Jueves, 25 de julio. Hoy, por primeira vez, oí una conferencia de

Borges. Habló sobre George Moore. Habló tan naturalmente que me hizo pensar en la dificuldad de hablar en público debía ser ficticia. No

habla con énfasis de orador: conversa, razonando libre e

inteligentemente. (BIOY CASARES,2006:35)

O que inicialmente parece apenas uma lista dos cursos e conferências que Jorge

Luis Borges estava dando na época acaba, no fragmento extraído do dia 15 de julho,

convertendo-se em uma interessante observação acerca do comportamento do escritor.

Adolfo Bioy Casares questiona o que considerava como sendo característico do

comportamento de Borges: a timidez e a dificuldade para falar em público. Chega

mesmo a sugerir que tal dificuldade seria fictícia. Aliás, é bastante curioso que o escritor

tenha usado a palavra fictícia para tentar dar conta de alguma peculiaridade do

comportamento borgiano. Após toda a análise que veio sendo construída até o presente

momento, é igualmente interessante atentarmos para o fato de que nenhuma adjetivação,

quando lidamos com Jorge Luis Borges, é inocente ou meramente descritiva. Afirmar

que uma faceta de seu comportamento poderia ser fictícia implica dizer que já estava

implícita a ideia de que o escritor poderia possuir padrões de comportamento que não

condissessem com sua real personalidade.

Foi ainda nesse mesmo ano de 1949 que os dois escritores começaram a

colaboração que resultou nas narrativas policiais de Bustos Domecq, autor fictício que

assina a autoria das tramas protagonizadas por Don Isidro Parodi.

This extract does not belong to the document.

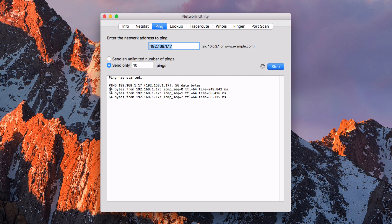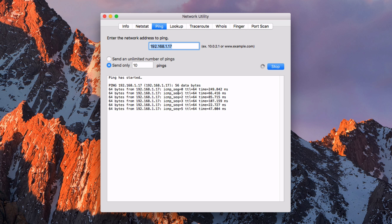A successful ping will show exactly how many bytes was transferred from and to your Mac computer and the device that you're pinging.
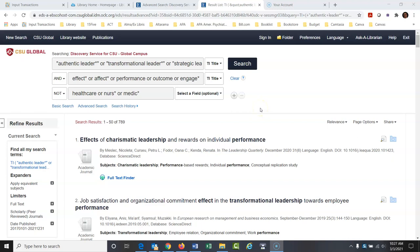Hello everyone, this is Jeff from the library. Today we are going to talk about Boolean logic, or Boolean searching when it comes to searching databases.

Sobre esse processo

de construção criativa a quatro mãos, Bioy escreveu o seguinte em seu diário:

Escribiendo los cuentos de Bustos Domecq, creímos descubrir que los

personajes se definen por la manera de hablar: si el autor imagina

cómo hablan, los conoce, no se equivoca sobre su psicología. Borges opina que una prueba de esto se encuentra en el Martín Fierro: a pesar

de que en todo libro los episodios son como adjetivos, a pesar de que

los episodios del Martín Fierro describen al héroe como un hombre pendenciero y sanguinario, si dijésemos que Martín Fierro es un

simples Juan Moreira u Hormiga Negra cualquier argentino nos

desmentiria. Hay una nobleza estoica en el tono del libro, o de lo mejor del libro, que há creado el personaje; y las circunstancias de su

biografia – o las intenciones del autor – se dejan de lado o se olvidan.(

BIOY CASARES,2006:36)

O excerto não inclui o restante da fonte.